Friday, October 14, 2011

Politicos Through the Mechanism of Government: Busting Bubbles and Benumbing Freezes

John B. Taylor in his book Getting Off Track makes the most excellent point that politicos through the mechanism of government created financial policy in regards to home ownership and the finance thereof [1978 - 2007] along with another branch of government [the Fed] creating a cheap money bubble [2002-2004] that set the table for the ensuing financial shenanigans. If one sets the table for shenanigans one should not be surprised that shenanigans actually do occur. -Or- if one sets the table for financial shenanigans then do not be surprised when financial shenanigans actually occur. (1)

Keeping the above observation in mind, what happens when politicos through the mechanism of government create a regulation machine that increases regulation at an increasing rate [1930 - present]. That the regulation increasing at an increasing rate, and in its regulatory summation, becomes a veritable mountain of regulation. That the mountain of regulation becomes a mountain chain of regulation [2008 - present]. Has another table been set for shenanigans?

If the financial crisis was a bubble created by politicos through the mechanism of government, which was merely a central planning scheme, then is regulation merely another central planning scheme, created by politicos through the mechanism of government, to create a “freeze”?

Moreover, if the fermentation of the effervescent bubble creating the financial crisis was approximately time period 1978 -2007, what about the benumb chill of the freeze of regulation with time period 1930 to present? If the financial crisis fermented for 30 years, does the benumbing effect of regulation over 80 years create a regulatory crisis of even greater magnitude than the financial crisis?

Finally, the 30 years of fermentation of the financial crisis was brought to the busting bubble stage by the cheap money effect of the Fed. Does the benumbing effect of mountains of regulation become a total freeze stage (the antithesis of the busting bubble) through a sudden and encompassing hyper-regulatory effect e.g. regulatory policies of 2008 to present embodied by Dodd-Frank, Consumer Protection Agency, EPA, Department of Energy, etc., etc..

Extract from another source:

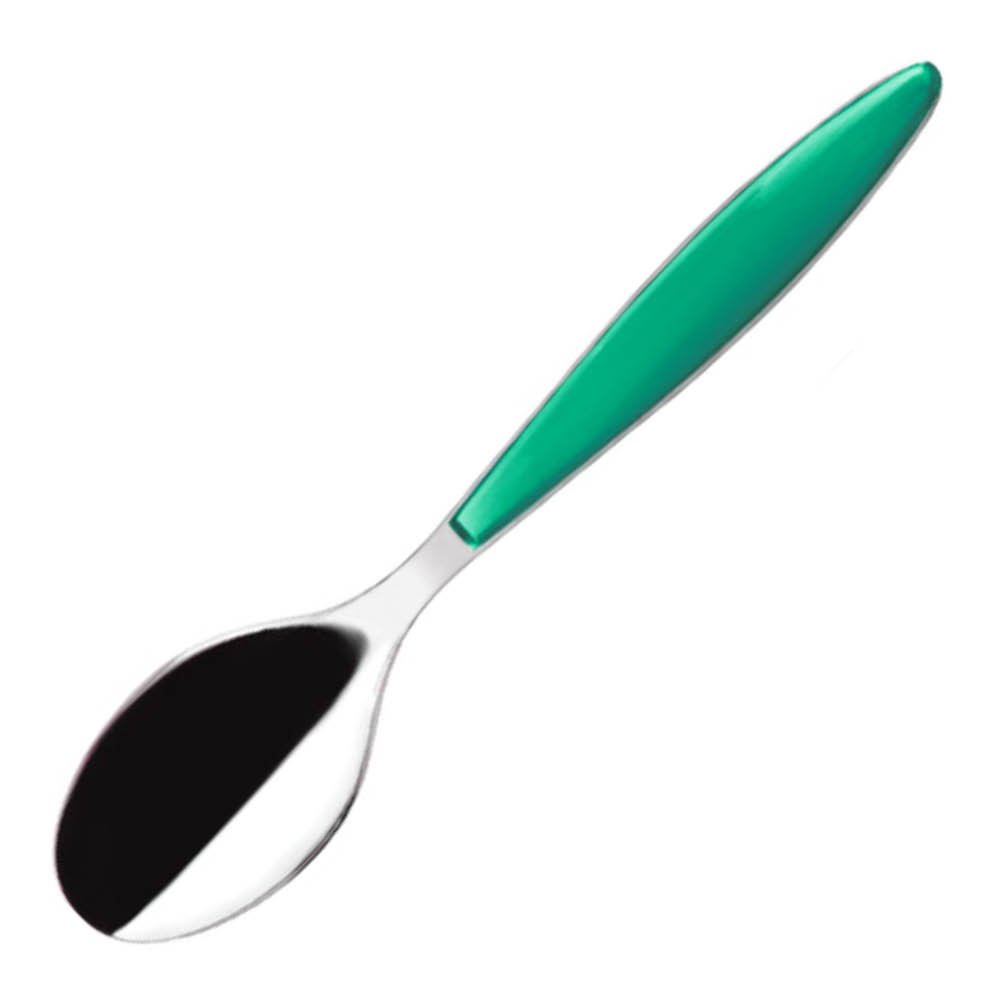 Guzzini - Feeling Ruokalusikka 20,5 cm Emerald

In both instances, politicos through the mechanism of government have exercised central planning schemes known as financial policy and regulatory policy. One must consider such central planning schemes by politicos with the following insight:

This way lies charlatanism and worse. To act on the belief that we possess the knowledge and the power which enable us to shape the processes of society entirely to our liking, knowledge which in fact we do not possess, is likely to make us do much harm.

But in the social field the erroneous belief that the exercise of some power would have beneficial consequences is likely to lead to a new power to coerce other men being conferred on some authority. Even if such power is not in itself bad, its exercise is likely to impede the functioning of those spontaneous ordering forces by which, without understanding them, man is in fact so largely assisted in the pursuit of his aims. - F.A. Hayek, from the essay The Knowledge of Pretense (2)


Notes:

(1) John B. Taylor, Getting Off Track, pages 3 and 4.